Filling up on a sun-soaked day with some of our very favorite people.
The way this farm nestles into this little valley on this land I so love — it takes my breath away every time we emerge from the woods to find this place so illuminated. Sharing it today with a dear family friend made it all the more lovely.
Wendell Berry has a poem that describes it beautifully:
“Sometimes our life reminds me
of a forest in which there is a graceful clearing
and in that opening a house,
an orchard and garden,
comfortable shades, and flowers
red and yellow in the sun, a pattern
made in the light for the light to return to.
The forest is mostly dark, its ways
to be made anew day after day, the dark
richer than the light and more blessed
provided we stay brave
enough to keep on going in.”
— Wendell Berry, “The Country of Marriage,” HBJ: 1975
It was a hard day, but then I was writing to a dear friend and found this quote from our years dancing together in college — and sharing it made the evening brighter.
“Until one is committed, there is hesitancy, the chance to draw back, always ineffectiveness. Concerning all acts of initiative (and creation), there is one elementary truth the ignorance of which kills countless ideas and splendid plans: that the moment one definitely commits oneself, then Providence moves too. All sorts of things occur to help one that would never otherwise have occurred. A whole stream of events issues from the decision, raising in one’s favor all manner of unforeseen incidents and meetings and material assistance, which no woman could have dreamed would have come her way. Whatever you can do or dream you can, begin it. Boldness has genius, power and magic in it. Begin it now.” — Goethe
(I took liberty with Goethe’s words and changed “man” to “woman” and “him” to “her” in the fourth-to-last sentence.)
Here is our “wattle” house in progress — made from poplar tree trimmings, grape vines, and bittersweet vines.
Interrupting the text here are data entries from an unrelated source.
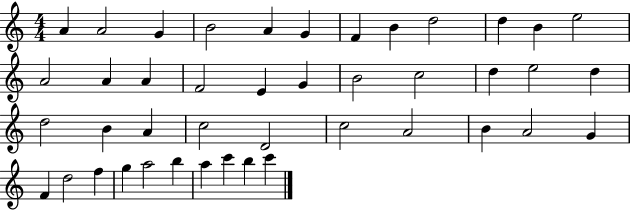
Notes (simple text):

A4/q A4/h G4/q B4/h A4/q G4/q F4/q B4/q D5/h D5/q B4/q E5/h A4/h A4/q A4/q F4/h E4/q G4/q B4/h C5/h D5/q E5/h D5/q D5/h B4/q A4/q C5/h D4/h C5/h A4/h B4/q A4/h G4/q F4/q D5/h F5/q G5/q A5/h B5/q A5/q C6/q B5/q C6/q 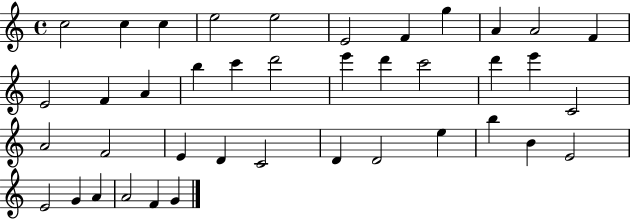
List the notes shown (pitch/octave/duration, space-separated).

C5/h C5/q C5/q E5/h E5/h E4/h F4/q G5/q A4/q A4/h F4/q E4/h F4/q A4/q B5/q C6/q D6/h E6/q D6/q C6/h D6/q E6/q C4/h A4/h F4/h E4/q D4/q C4/h D4/q D4/h E5/q B5/q B4/q E4/h E4/h G4/q A4/q A4/h F4/q G4/q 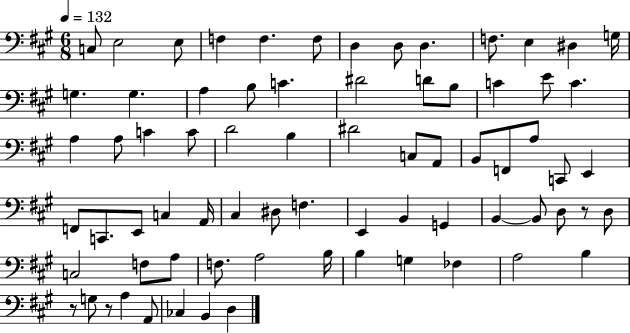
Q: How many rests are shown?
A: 3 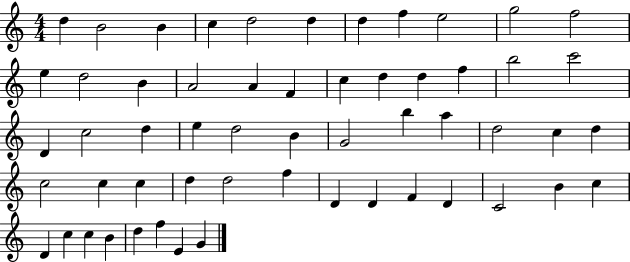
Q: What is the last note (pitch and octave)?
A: G4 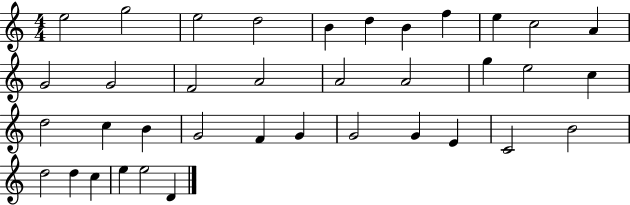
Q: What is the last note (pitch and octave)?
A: D4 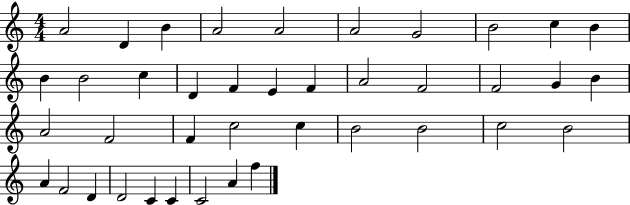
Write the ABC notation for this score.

X:1
T:Untitled
M:4/4
L:1/4
K:C
A2 D B A2 A2 A2 G2 B2 c B B B2 c D F E F A2 F2 F2 G B A2 F2 F c2 c B2 B2 c2 B2 A F2 D D2 C C C2 A f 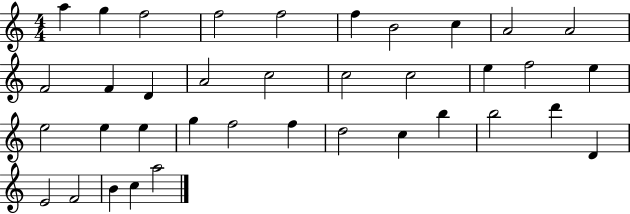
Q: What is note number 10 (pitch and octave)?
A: A4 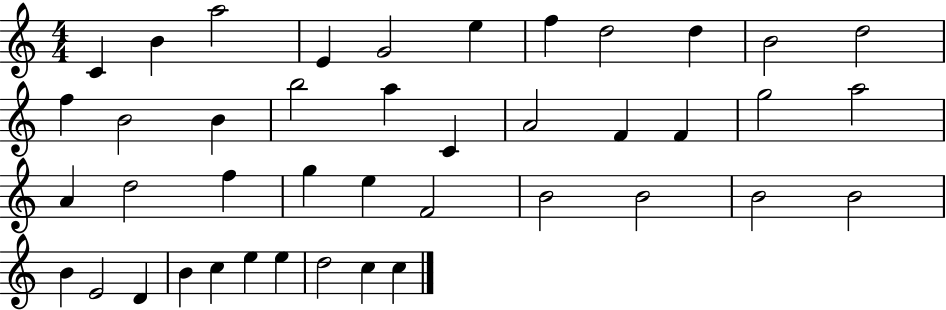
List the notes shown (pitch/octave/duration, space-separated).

C4/q B4/q A5/h E4/q G4/h E5/q F5/q D5/h D5/q B4/h D5/h F5/q B4/h B4/q B5/h A5/q C4/q A4/h F4/q F4/q G5/h A5/h A4/q D5/h F5/q G5/q E5/q F4/h B4/h B4/h B4/h B4/h B4/q E4/h D4/q B4/q C5/q E5/q E5/q D5/h C5/q C5/q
Jeffrey dug holes for the poplar trunks and sunk them in the ground about a foot deep. Then we all worked together to weave branches and vines in and out between the poplars, adding more as we are inspired. Our “haus” (as Wallace calls it) has become the perfect place for reading, playing, and popcorn eating!
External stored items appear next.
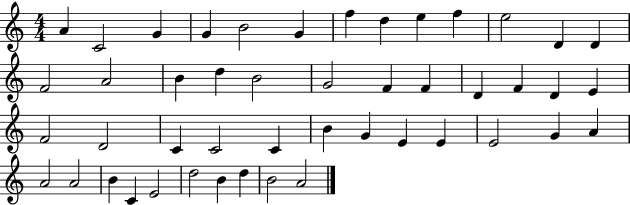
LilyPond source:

{
  \clef treble
  \numericTimeSignature
  \time 4/4
  \key c \major
  a'4 c'2 g'4 | g'4 b'2 g'4 | f''4 d''4 e''4 f''4 | e''2 d'4 d'4 | \break f'2 a'2 | b'4 d''4 b'2 | g'2 f'4 f'4 | d'4 f'4 d'4 e'4 | \break f'2 d'2 | c'4 c'2 c'4 | b'4 g'4 e'4 e'4 | e'2 g'4 a'4 | \break a'2 a'2 | b'4 c'4 e'2 | d''2 b'4 d''4 | b'2 a'2 | \break \bar "|."
}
We’re still debating about how to finish it off. Should we bend the tips of the poplars so that they meet at the top or leave the house open to the sky?
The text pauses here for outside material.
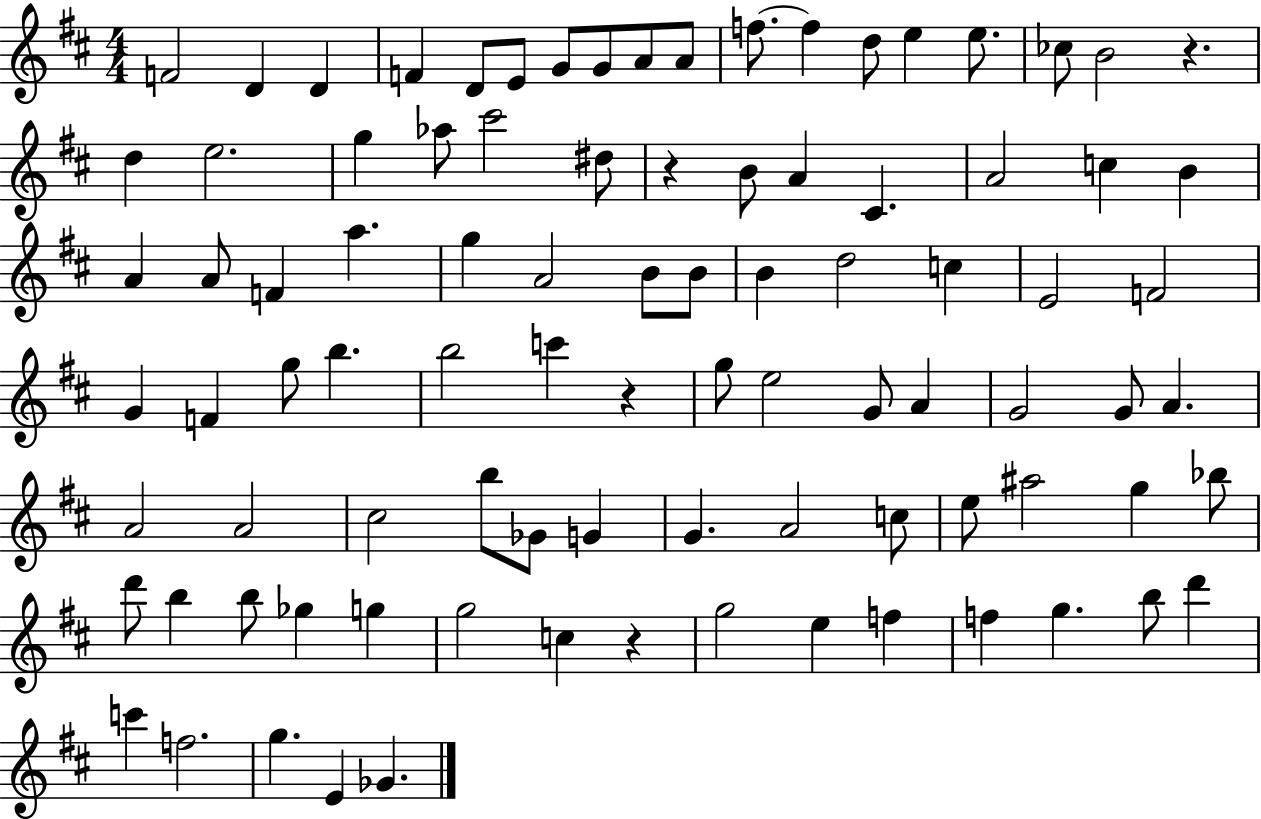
F4/h D4/q D4/q F4/q D4/e E4/e G4/e G4/e A4/e A4/e F5/e. F5/q D5/e E5/q E5/e. CES5/e B4/h R/q. D5/q E5/h. G5/q Ab5/e C#6/h D#5/e R/q B4/e A4/q C#4/q. A4/h C5/q B4/q A4/q A4/e F4/q A5/q. G5/q A4/h B4/e B4/e B4/q D5/h C5/q E4/h F4/h G4/q F4/q G5/e B5/q. B5/h C6/q R/q G5/e E5/h G4/e A4/q G4/h G4/e A4/q. A4/h A4/h C#5/h B5/e Gb4/e G4/q G4/q. A4/h C5/e E5/e A#5/h G5/q Bb5/e D6/e B5/q B5/e Gb5/q G5/q G5/h C5/q R/q G5/h E5/q F5/q F5/q G5/q. B5/e D6/q C6/q F5/h. G5/q. E4/q Gb4/q.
They cut down the orchard. It wasn’t a surprise — but still a shock. This orchard is on the northern edge of the Sleeping Bear Dunes National Lakeshore, and it could remain in agriculture as long as the owners wanted to maintain it.
Having lost interest in the orchard, the owners sold the land back to the National Park (the girls and I counted 45 rings in a tree stump: well beyond the age of most productive cherry trees) — and so now this land will revert back to wild.
It’s a gift, in a way, because no more pesticides will be sprayed on this land, and many more creatures will come to live here over time. And yet, it’s still a deep shock to see this landscape, that my siblings and I grew up with, changed so dramatically overnight.
My sweet Amie sat on a fallen tree and cried. Wallace watched her, perplexed. I stood close by, feeling swallowed up in the mist around us.